Reputation: 1
I want to scrape a HTML file like that:
<div id="hoge">
<h1><span>title 1</span></h1>
<h2><span>subtitle 1-1</span></h2>
<p></p>
<table class="fuga"><span>data 1-1</span></table>
<p></p>
//(the same structure repeated n times)
<h2><span>subtitle 1-(n+2)<span/></h2>
<p></p>
<table class="fuga"><span>data 1-(n+2)</span></table>
<p></p>
//(the same structure repeated m times)
<h1><span>title m</span></h1>
<h2><span>subtitle m-1</span></h2>
<p></p>
<table class="fuga"><span>data m-1</span></table>
<p></p>
//(the same structure repeated l times)
<h2><span>subtitle m-(l+2)</span></h2>
<p></p>
<table class="fuga"><span>data m-(l+2)</span></table>
<p></p>
</div>
I need values of table(in the example, represented in data x-y
.) for each subtitle("subtitle x-y"
) for each title("title x"
).
To associate them, I want to cut <h1>
~ the last <p>
before the next <h1>
, but can't figure out how to do it.
I spent 5 hours to search, read, try and error, and finally came to write the code below, but it still don't work.
What's wrong? How can I cut the HTML?
require 'open-uri'
require 'nokogiri'
doc = Nokogiri::HTML(open("http://example.com/"))
doc.xpath('//div[@id="mw-content-text"]').each do |node|
for i in 1..node.xpath('h1').length do
mininode = node.xpath(%(node()[not(following-sibling::h1[#{i}] or preceding-sibling::h1[#{i+1}])]))
title = mininode.xpath('h1/span').text
puts title unless title.empty?
puts "============"
for j in 1..mininode.xpath('h2').length do
puts mininode.xpath(%(h2[#{j}]/span)).text
puts mininode.xpath(%(table[#{j}]/span)).text
end
end
end
Upvotes: 0
Views: 218
Reputation: 160551
Meditate on this:
require 'nokogiri'
doc = Nokogiri::HTML(<<EOT)
<div id="hoge">
<h1><span>title 1</span></h1>
<h2><span>subtitle 1-1</span></h2>
<p></p>
<table class="fuga"><span>data 1-1</span></table>
<p></p>
//(the same structure repeated n times)
<h2><span>subtitle 1-(n+2)<span/></h2>
<p></p>
<table class="fuga"><span>data 1-(n+2)</span></table>
<p></p>
//(the same structure repeated m times)
<h1><span>title m</span></h1>
<h2><span>subtitle m-1</span></h2>
<p></p>
<table class="fuga"><span>data m-1</span></table>
<p></p>
//(the same structure repeated l times)
<h2><span>subtitle m-(l+2)</span></h2>
<p></p>
<table class="fuga"><span>data m-(l+2)</span></table>
<p></p>
</div>
EOT
Process the doc
:
div = doc.at('#hoge')
h1_blocks = div.children.slice_before{ |node| node.name == 'h1' }.map{ |nodes| Nokogiri::XML::NodeSet.new(doc, nodes) }
Running that results in h1_blocks
containing an array of NodeSets.

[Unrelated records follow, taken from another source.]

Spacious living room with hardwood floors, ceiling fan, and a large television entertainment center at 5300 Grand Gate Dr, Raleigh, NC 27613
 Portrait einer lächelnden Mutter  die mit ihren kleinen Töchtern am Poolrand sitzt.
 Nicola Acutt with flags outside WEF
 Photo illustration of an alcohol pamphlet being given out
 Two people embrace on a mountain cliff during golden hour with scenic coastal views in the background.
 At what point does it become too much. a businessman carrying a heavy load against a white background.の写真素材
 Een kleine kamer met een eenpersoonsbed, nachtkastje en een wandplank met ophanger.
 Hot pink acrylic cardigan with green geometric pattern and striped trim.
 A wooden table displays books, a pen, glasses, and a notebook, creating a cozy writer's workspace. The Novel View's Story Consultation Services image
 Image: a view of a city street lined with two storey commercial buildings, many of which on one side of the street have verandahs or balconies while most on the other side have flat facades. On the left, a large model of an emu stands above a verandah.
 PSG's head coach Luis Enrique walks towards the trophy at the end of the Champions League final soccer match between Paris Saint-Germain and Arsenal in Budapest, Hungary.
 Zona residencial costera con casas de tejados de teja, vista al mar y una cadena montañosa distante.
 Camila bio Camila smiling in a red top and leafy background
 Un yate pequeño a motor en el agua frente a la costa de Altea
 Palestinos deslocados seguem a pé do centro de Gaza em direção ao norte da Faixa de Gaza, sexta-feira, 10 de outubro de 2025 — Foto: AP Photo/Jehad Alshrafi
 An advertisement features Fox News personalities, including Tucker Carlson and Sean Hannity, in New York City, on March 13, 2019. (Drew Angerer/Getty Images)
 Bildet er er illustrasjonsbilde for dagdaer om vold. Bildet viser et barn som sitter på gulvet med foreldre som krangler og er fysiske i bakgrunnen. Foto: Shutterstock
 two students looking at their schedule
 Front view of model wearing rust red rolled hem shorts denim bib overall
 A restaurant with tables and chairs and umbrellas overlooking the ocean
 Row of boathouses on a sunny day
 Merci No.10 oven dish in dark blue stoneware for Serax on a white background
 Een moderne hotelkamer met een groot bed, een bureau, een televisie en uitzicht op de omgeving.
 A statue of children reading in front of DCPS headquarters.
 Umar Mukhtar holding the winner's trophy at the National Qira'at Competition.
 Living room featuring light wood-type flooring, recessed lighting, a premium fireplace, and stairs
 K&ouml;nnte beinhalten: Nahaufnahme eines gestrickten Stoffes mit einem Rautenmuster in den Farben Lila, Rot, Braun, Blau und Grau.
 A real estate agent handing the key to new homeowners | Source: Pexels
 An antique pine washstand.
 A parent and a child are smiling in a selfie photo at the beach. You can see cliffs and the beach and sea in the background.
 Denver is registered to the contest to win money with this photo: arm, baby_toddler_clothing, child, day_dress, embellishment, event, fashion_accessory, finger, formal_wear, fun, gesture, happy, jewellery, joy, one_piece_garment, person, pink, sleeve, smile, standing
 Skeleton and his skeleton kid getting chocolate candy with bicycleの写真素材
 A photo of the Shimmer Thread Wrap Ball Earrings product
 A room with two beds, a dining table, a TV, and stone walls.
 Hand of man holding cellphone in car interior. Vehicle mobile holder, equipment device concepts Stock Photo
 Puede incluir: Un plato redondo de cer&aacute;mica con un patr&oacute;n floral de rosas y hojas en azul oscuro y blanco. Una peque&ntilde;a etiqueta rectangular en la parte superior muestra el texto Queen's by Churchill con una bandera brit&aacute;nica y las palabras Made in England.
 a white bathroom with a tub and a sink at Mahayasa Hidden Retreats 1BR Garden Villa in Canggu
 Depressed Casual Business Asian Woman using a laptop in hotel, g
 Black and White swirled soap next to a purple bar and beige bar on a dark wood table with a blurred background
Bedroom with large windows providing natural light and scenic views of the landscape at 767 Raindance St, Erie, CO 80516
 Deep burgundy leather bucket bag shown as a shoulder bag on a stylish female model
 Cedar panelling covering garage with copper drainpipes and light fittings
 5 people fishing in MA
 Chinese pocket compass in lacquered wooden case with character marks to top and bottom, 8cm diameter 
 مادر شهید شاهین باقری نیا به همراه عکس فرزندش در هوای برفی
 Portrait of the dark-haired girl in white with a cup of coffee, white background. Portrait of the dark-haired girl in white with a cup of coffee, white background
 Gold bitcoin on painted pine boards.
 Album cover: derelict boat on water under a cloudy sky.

Here's the first set based on your HTML:
h1_blocks[1].map(&:to_html)
# => ["<h1><span>title 1</span></h1>",
# "\n\n ",
# "<h2><span>subtitle 1-1</span></h2>",
# "\n ",
# "<p></p>",
# "\n ",
# "<table class=\"fuga\"><span>data 1-1</span></table>",
# "\n ",
# "<p></p>",
# "\n\n //(the same structure repeated n times)\n\n ",
# "<h2><span>subtitle 1-(n+2)<span></span></span></h2>",
# "\n ",
# "<p></p>",
# "\n ",
# "<table class=\"fuga\"><span>data 1-(n+2)</span></table>",
# "\n ",
# "<p></p>",
# "\n\n\n //(the same structure repeated m times)\n\n "]
Here's the second set, based on your HTML:
h1_blocks[2].map(&:to_html)
# => ["<h1><span>title m</span></h1>",
# "\n\n ",
# "<h2><span>subtitle m-1</span></h2>",
# "\n ",
# "<p></p>",
# "\n ",
# "<table class=\"fuga\"><span>data m-1</span></table>",
# "\n ",
# "<p></p>",
# "\n\n //(the same structure repeated l times)\n\n ",
# "<h2><span>subtitle m-(l+2)</span></h2>",
# "\n ",
# "<p></p>",
# "\n ",
# "<table class=\"fuga\"><span>data m-(l+2)</span></table>",
# "\n ",
# "<p></p>",
# "\n\n\n"]
How does this work?
Ruby's Enumerable class has slice_before
which looks at a comparison, and for each true result, breaks the incoming array into a new sub-array. This is useful when we have a list of array elements and we have to break that array into separate chunks.
Often we use it when parsing text that has some sort of repeating blocks that we need to process as a chunk, such as paragraphs, network-device interfaces, etc.
Once the nodes are chunked by taking the children of the <div id="hoge">
tag, then they're passed into map
which turns them back into NodeSets, making it easy to continue treating them like we would normally in Nokogiri.
Upvotes: 1